There are differences in the use of paper among the first, second, third and fourth districts: the papers in the first district not only have high requirements for innovation, but also have strict requirements for the presentation of the papers, including whether the organizational structure of the articles is reasonable, whether the charts are clear and whether the language is standardized. Most of the reviewers in the first district are big cows in this field, so the requirements will naturally be higher.

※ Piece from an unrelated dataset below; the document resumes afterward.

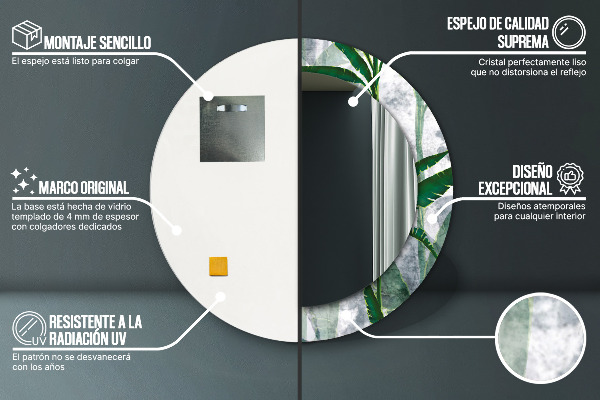 Rund spegel med tryck Tropiska löv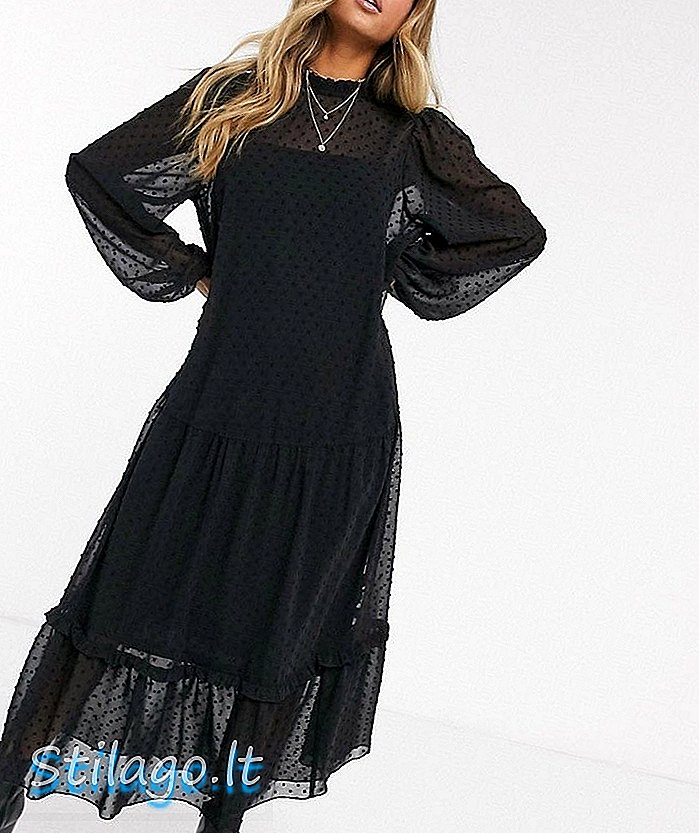 ASOS DESIGN - Hoogsluitende dobby maxi-jurk met laagjes - zwart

The second area paper is worse than the first area paper in all aspects, but at least there will be obvious innovation. In addition, I think there is a potential similarity between the papers in 1 area and area 2, that is, there should be enough workload and rich experimental content. In fact, this is also a supplement to their innovation requirements, because to prove that a new idea is correct and effective, there must be a lot of experimental results to support it.

Some papers in the third and fourth districts have been passed, and the differences between these papers and those in the first and second districts are obvious. Aside from innovation and workload, some journals in the third and fourth districts have very loose requirements for paper format and varied typesetting, and there may be many unclear and ambiguous places in the charts.

Main advantages:

SCI was founded in 1964. Printed, CD-ROM and online versions and other carriers. Printed and CD-ROM editions selected 3,300 scientific journals from tens of thousands of journals around the world, covering more than 100 basic scientific fields. More than 600,000 latest documents are reported every year, involving 9 million citations. Papers that enter SCI journals are SCI papers.

SCI chooses publications on the basis of literature analysis, that is, scientific citation analysis proposed by American intelligence scientist Garfield. This analysis method takes the citation frequency of journal papers as the evaluation index. The higher the citation frequency, the greater the influence of the journal.